The code is basically decoding the w, s, a, and d characters twice: once to determine that the editorMoveCursor function should be called, and another to determine how the cursor should be moved. This is (IMO) another bug waiting to happen, in a large project these two points in the code could easily get out of sync. There's no reason not to do something like this (which is also my current solution):

void editor_move_cursor(int dcx, int dcy)
{
    g_editor_state.cx += dcx;
    g_editor_state.cy += dcy;
}


void editor_process_keypress(char c)
{
    string_const clear_screen = get_clear_screen_str();
    string_const home_cursor  = get_home_cursor_str();

    switch (c)
    {
    case CTRL_KEY('q'):
        write_str(clear_screen);
        write_str(home_cursor);
        exit(0);
        break;

    case 'w': editor_move_cursor( 0, -1); break;
    case 's': editor_move_cursor( 0,  1); break;
    case 'a': editor_move_cursor(-1,  0); break;
    case 'd': editor_move_cursor( 1,  0); break;
    }
}

Note that now only editor_process_keypress needs to know what keys move the cursor, and editor_move_cursor gets parameters that are directly interpretable.

Thursday, February 22, 2018

The interface to JavaScript's Date object is kinda broken

Here's an amusing thing to type into your favorite JavaScript console:

new Date('2018-01-01').getFullYear()

The response I get is 2017, which is surprising, at best.

What's happening?

The first part of the problem is that the Date object is actually a date and time object, and so new Date('2018-01-01') creates an object that has the date and time of January 1st, 2018 00:00 GMT. Which in and of itself is a reasonable enough choice.

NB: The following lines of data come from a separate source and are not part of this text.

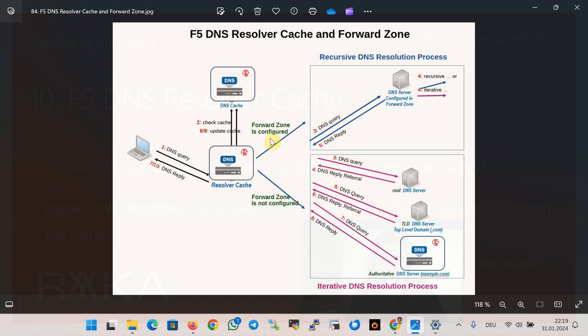When you configure a forward zone for the resolver cache with a list of DNS servers as forwarders, the resolver cache uses the recursive method to resolve the DNS query. This means that the resolver cache sends the request to the servers configured in the forward zone and expects to get the final response.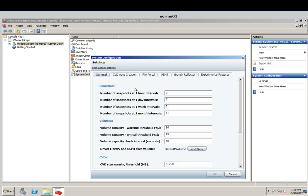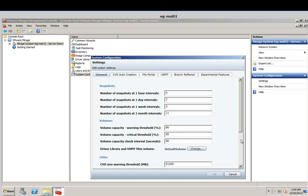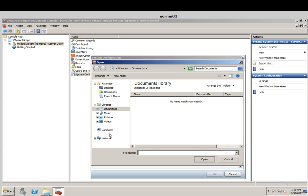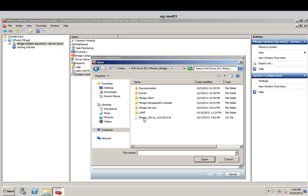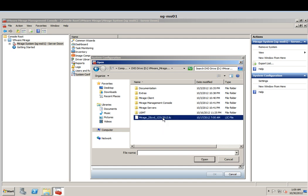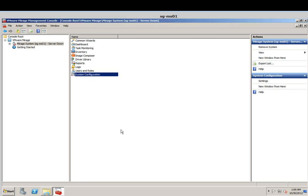Click on settings. We will move down and set the license. I will browse to my temporary license which is also on the CD itself — it will be named as a .lic file. You can see that I have 25 CBDs for desktop management, 25 of them, expiring 30th of December 2012. Just click OK to set up the licenses.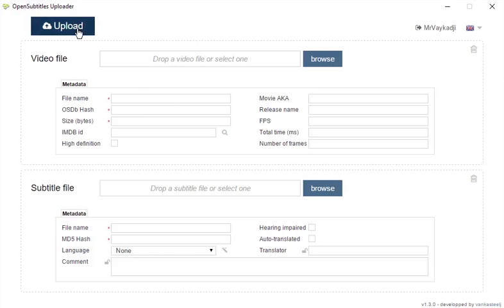The upload button, it's pretty self-explanatory really, hit that when you're ready to send your file. Browse will open the file explorer to let you import whatever movie and subtitles you'd like.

The part that leads to the surprising result is that .getFullYear() returns a localized result, and since I am in a GMT+7 time zone, January 1st, 2018 00:00 GMT is actually December 31st, 2017 17:00 local time, and so .getFullYear() tells me it's still 2017.

Of course, the Date interface is broken in other ways too (.getYear() is actually non-Y2K compliant, in spite of the fact that it was presumably first designed and implemented less than a decade prior to the year 2000).

Can anything be done?

It turns out that dealing with time and time zones is actually surprisingly complex, and given JavaScript's "colorful" history, it's not surprising that the Date interface has its share of quirks. Really, I just wish there as an object for dealing with dates alone, without an accompanying time. Date would be a fine name for that object, if it weren't already taken.

I'm in a situation where I want to be able to deal with dates in JavaScript, and it seems like my choices are either to use the Date object with its rather non-intuitive interface, or roll my own date-only object. Neither choice seems optimal, but I think rolling my own date-only object would add more inertia to my projects than I'm willing to take on right now.